In the following question I am trying to find the fixed points, stability, and then trying to see what it converges to.
To find the stability of this we must find $|f'(x^*)|$ to see whether it is $>1$ which would make it unstable or $<1$ which would make it stable.
$x_{n+1}=lnx_n$
So setting $f(x)=lnx$ and $f(x)=x$ to find the fixed point then $x=lnx$
But how do I find the value of this $x$ that makes $x=lnx$ work. You cant use $x=1$ because $1\ne 0$. I am not trying to use a graphical method either, trying to work it out numerically.
Once I have the fixed points, I could then use $|f'(x^*)|$ to find out whether $|f'(x^*)|<1$ to make it stable or whether $|f'(x^*)|>1$ which makes it unstable.

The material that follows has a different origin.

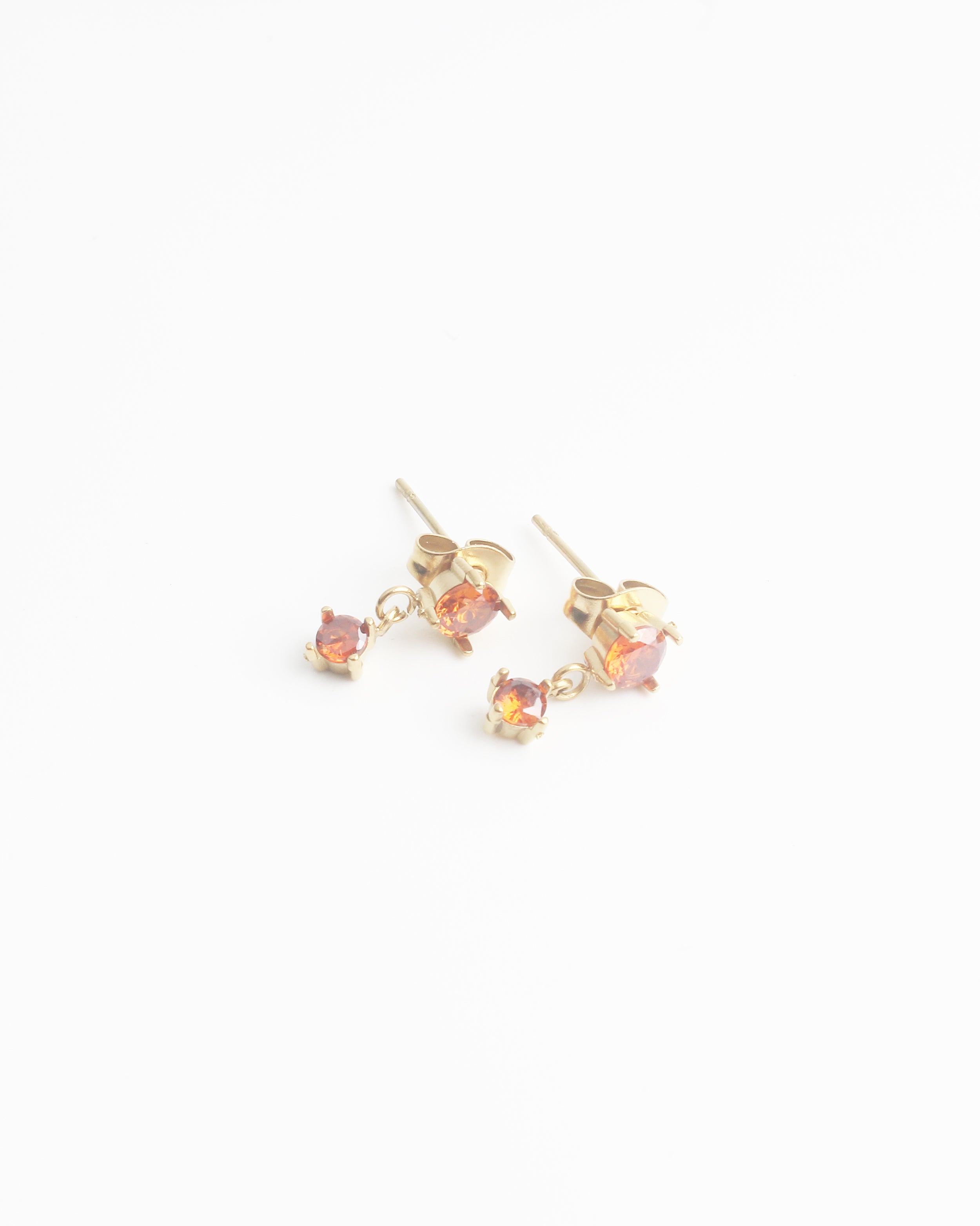 Marlena - Studs – Orecchini – Acciaio inossidabile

Are there any intersection points?
Let us rewrite the equation $x = \ln x$ satisfied by the stationnary points as $$ {-1} = {-\ln x}\, \text{e}^{-\ln x} \, , $$ which is of the form $X \text{e}^{X}= Y$ with $X={-\ln x}$ and $Y={-1}$. The solutions are $X=W (Y)$, where $W$ is the Lambert W-function. Hence, $$ x = \text{e}^{-W (-1)} = -W (-1) \, . $$ This value is not real, since the natural logarithm $x\mapsto \ln x$ and the identity $x\mapsto x$ don't cross on the real line.
When studying the present dynamical system, one can observe that $x_{n+1} = \ln x_n \leq x_n -1$. The sequence $x_{n+1}= x_n -1$ is strictly decreasing with no limit, and so does $x_{n+1} = \ln x_n$ (until $x_n \leq 0$ for some $n$, where $x_{n+1}$ becomes complex).